Use that URL in your HTTP client to invoke the model.

External access (outside the cluster)

Call the portal endpoint and include your Hybrid Manager user access key as a Bearer token. Replace placeholders with your values.

curl -X POST \
  'https://<portal_domain>:<portal_port>/inferenceservices/<inferenceservice-id>/<endpoint-path>' \
  -H 'accept: application/json' \
  -H 'Content-Type: application/json' \
  -H "Authorization: Bearer a" \
  -d '{ ... }'

Example (OpenAI‑compatible chat completions):

curl -X POST \
  'https://portal-HM-pm.edbHM.com/inferenceservices/m-po7d0fta/v1/chat/completions' \
  -H 'accept: application/json' \
  -H 'Content-Type: application/json' \
  -H "Authorization: Bearer a" \
  -d '{
    "model": "meta/llama-3.1-8b-instruct",
    "messages": [{"role":"user","content":"Write a limerick about the wonders of GPU computing."}],
    "max_tokens": 64
  }'

Internal vs. external URLs — where to find them

Use internal URLs for in‑cluster callers and the external portal URL for callers outside Kubernetes.

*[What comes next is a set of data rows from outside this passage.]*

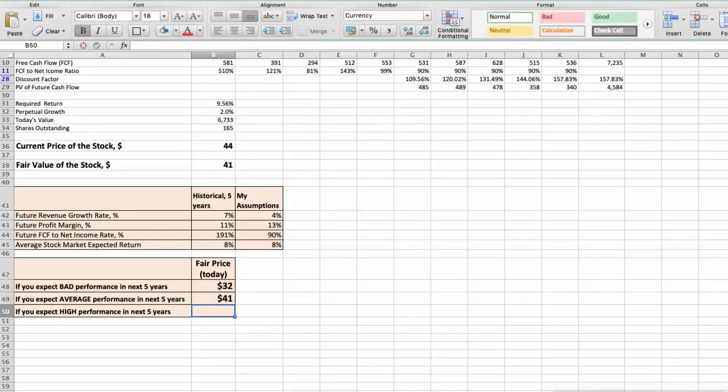Third scenario: Pentair will have high performance in the next 5 years. Future revenue growth rate would be 6%, future profit margin would be 14%, and future free cash flow to net income rate would be 100%. In this case, the fair value of the stock today would be $52.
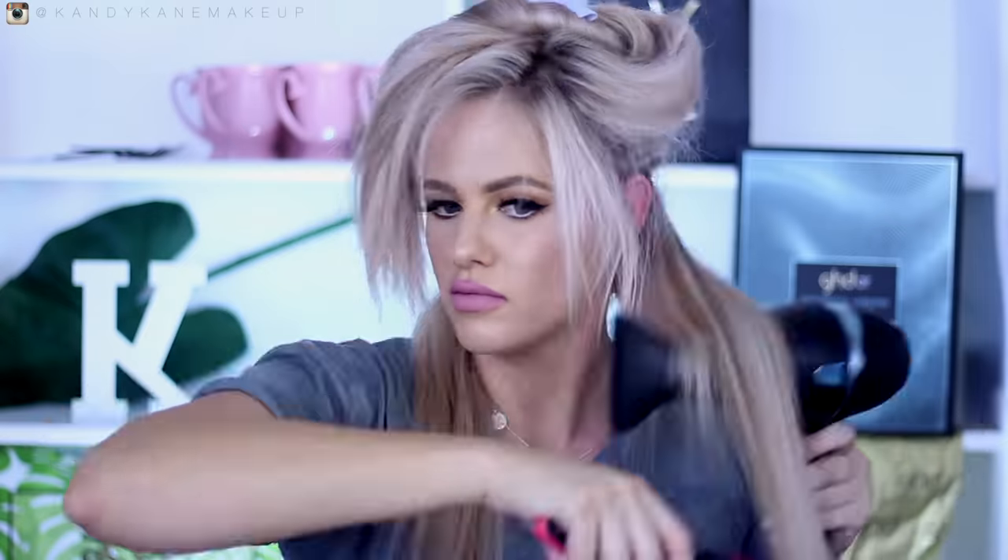Usually when my hair is like this it's quite frizzy and I'd run through it with the GHD Styler. But what I'm going to do now is take big sections and blow-wave it properly. Blow-waving it usually takes me around 10 to 15 minutes and then I'm done.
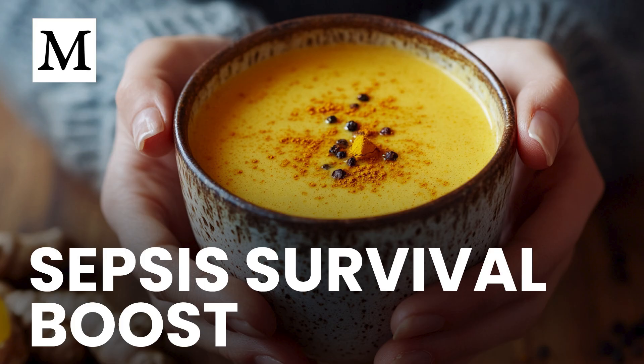Thank you for watching Dr. Mercola's Cellular Wisdom. We'll see you on the next episode.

  • Internal URL (cluster‑local):
    • From SQL (AIDB): run SELECT * FROM aidb.list_HM_models(); to see internal service URLs for known models within the database context.
    • From Kubernetes: check the status.address.url on the InferenceService resource in the namespace (for example, http://<name>-predictor.<ns>.svc.cluster.local).
    • Note: Some tasks require an operation suffix (for example, embeddings require /v1/embeddings). If a listed URL returns 404, append the proper suffix.
  • External URL (portal):
    • In Hybrid Manager UI: open AI Factory → Model Serving → select your InferenceService → copy the portal endpoint (base) for the service. External calls use https://<portal>/inferenceservices/<id>/... with an HM user access key.

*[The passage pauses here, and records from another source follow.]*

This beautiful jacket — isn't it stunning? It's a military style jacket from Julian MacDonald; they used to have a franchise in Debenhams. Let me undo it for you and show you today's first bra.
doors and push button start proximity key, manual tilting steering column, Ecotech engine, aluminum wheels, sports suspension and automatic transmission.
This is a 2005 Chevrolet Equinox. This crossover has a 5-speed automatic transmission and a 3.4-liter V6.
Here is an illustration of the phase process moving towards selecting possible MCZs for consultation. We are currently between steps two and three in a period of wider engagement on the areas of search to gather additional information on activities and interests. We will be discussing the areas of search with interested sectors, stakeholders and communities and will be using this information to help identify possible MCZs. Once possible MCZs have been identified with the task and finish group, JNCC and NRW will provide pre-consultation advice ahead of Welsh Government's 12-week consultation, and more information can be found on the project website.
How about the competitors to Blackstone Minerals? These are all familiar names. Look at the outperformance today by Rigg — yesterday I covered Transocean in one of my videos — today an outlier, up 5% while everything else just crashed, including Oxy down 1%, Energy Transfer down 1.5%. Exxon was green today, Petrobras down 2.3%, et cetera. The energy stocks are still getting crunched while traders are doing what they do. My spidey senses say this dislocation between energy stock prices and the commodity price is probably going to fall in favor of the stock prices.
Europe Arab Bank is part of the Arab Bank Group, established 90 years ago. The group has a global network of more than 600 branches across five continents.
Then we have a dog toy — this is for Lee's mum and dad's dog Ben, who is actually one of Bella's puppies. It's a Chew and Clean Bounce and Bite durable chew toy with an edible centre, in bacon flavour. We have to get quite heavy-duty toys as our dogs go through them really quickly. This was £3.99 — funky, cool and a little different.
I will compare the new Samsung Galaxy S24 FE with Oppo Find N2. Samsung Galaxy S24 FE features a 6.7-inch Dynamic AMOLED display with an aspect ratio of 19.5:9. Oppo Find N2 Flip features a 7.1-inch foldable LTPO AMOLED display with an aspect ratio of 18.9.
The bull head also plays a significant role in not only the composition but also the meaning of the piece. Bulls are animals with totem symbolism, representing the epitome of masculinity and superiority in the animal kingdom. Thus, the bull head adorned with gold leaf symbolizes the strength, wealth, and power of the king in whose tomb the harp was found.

Endpoint paths by operation

KServe exposes different paths per operation. Use the path that matches your model/task:

  • Chat completions (LLMs): <base>/v1/chat/completions
  • Embeddings (NIM embedding models): <base>/v1/embeddings
  • Rerank (ranking models): <base>/v1/ranking

If you see HTTP 404 Not Found when calling a model, verify that you’re using the correct path for the operation.

Payloads by operation

Different tasks use different payload shapes. The examples below show common OpenAI‑compatible schemas.

  • Chat completions

    • Endpoint: <base>/v1/chat/completions
    • Payload:
      {
        "model": "<model-name>",
        "messages": [
          {"role": "user", "content": "Hello"}
        ],
        "max_tokens": 256
      }
  • Embeddings

    • Endpoint: <base>/v1/embeddings
    • Payload:
      {
        "model": "<model-name>",
        "input": "I am the Yonk, I work in product"
      }
  • Rerank

    • Endpoint: <base>/v1/ranking
    • Payload (example shape; check your model’s schema):
      {
        "model": "<model-name>",
        "query": "search phrase",
        "documents": ["doc one", "doc two"],
        "top_n": 5
      }

Notes:

  • For AIDB SQL helpers (for example, aidb.encode_text()), the database will construct the HTTP call for you. If you configure a model manually with an internal URL, set the correct operation path (for example, /v1/embeddings) to avoid 404s.
  • Some models expose additional operation paths; consult the model reference or your InferenceService documentation.

Security considerations

  • Prefer internal access for services that do not need to be exposed externally.
  • Rotate access keys regularly and scope them by user; do not embed keys in client code repositories.
  • Enforce TLS for external calls; use certificates managed by your platform team.
  • Limit egress from clients where possible; monitor usage via observability.

Troubleshooting

  • 404 - Please check you are using the correct endpoints. (e.g. internal/external with matching id to model name)
  • 401/403 on external calls: Verify the Authorization header and that the user has access to the InferenceService.
  • Timeouts or 503: Check the InferenceService status, health probes, and backend logs; confirm that the endpoint path is correct.
  • High latency: Right‑size resources or adjust concurrency. See Update GPU resources.

Known issues in 1.3

  • External access requires a valid Hybrid Manager user access key with sufficient role permissions (for example, Gen AI Builder User). Invalid or malformed keys return HTTP 401 Unauthorized.